Sir: I too, met Gilbert Murray, not once briefly in the Reform Club, but repeatedly between 1919 and 1925 in his rooms at New College and his house, Yatscombe on Boar's Hill. In view of Spectator's Notebook (February 17) it is perhaps worth recording than he thanked me very warmly for writing of him in the Straits Times on his ninetieth birthday as a stimulating don and not "like everybody else" (sic) as an ancient monument.

(It is not always so advantageous to be young in journalism.) And what seems to me extremely odd is that in all those ninety years and more nobody ever detected the fraudulent pretence: his professed telepathy was nothing but hyperaesthesia (some connection I take it with that discovery by another academic, the " coaesthesia " presented in the Oxford town hall by the notorious Dr Emil Busch in March 1922. In fact we have had to wait twenty years after he was dead to learn that horrid truth.

The dead of course, can be libelled without risk.

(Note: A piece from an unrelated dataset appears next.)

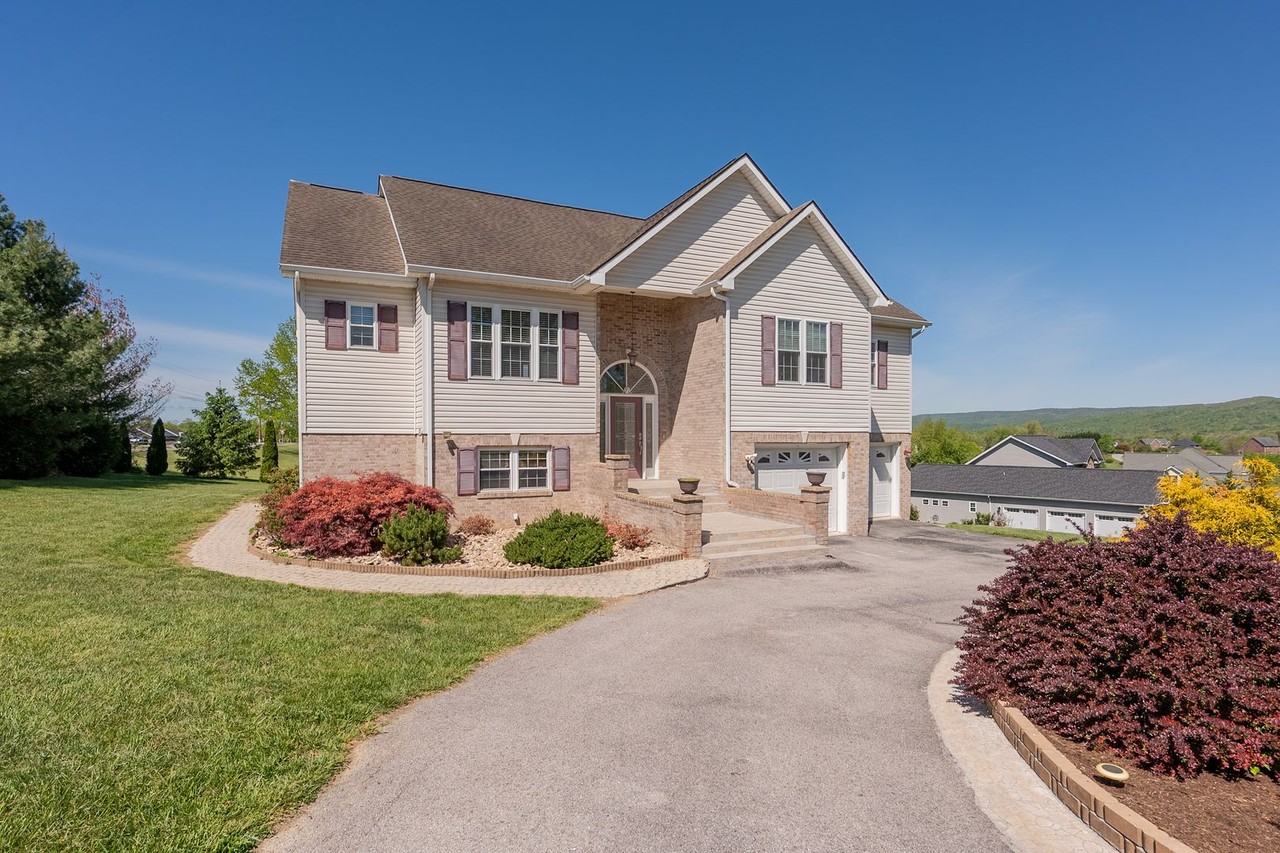 1701 Stratford View Dr - Photo 3 of 50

It is even more odd that a man enjoying an international reputation as a classic scholar, seeking election to Parliament as a burgess for the University should risk his credibility in both roles by a piece of trickery as cruel as it was pointless. But all this is as nothing compared to the wonders of hyperaesthesia itself. Not only does it enable a man to hear acutely what is said far off; it enables him to hear what is thought far off; since it is well known that Gilbert Murray's subjects did not always speak their thoughts but passed them to each other on a slip of paper. Or perhaps hyperaesthesia enables a person to read a piece of paper

You see, sir, I should like to know. I must have a touch of hyperaesthesia myself since it enabled me in London and two friends, one in a German POW camp, one on a warship covering the Normandy landings to hear what each of us was thinking back in summer, 1944.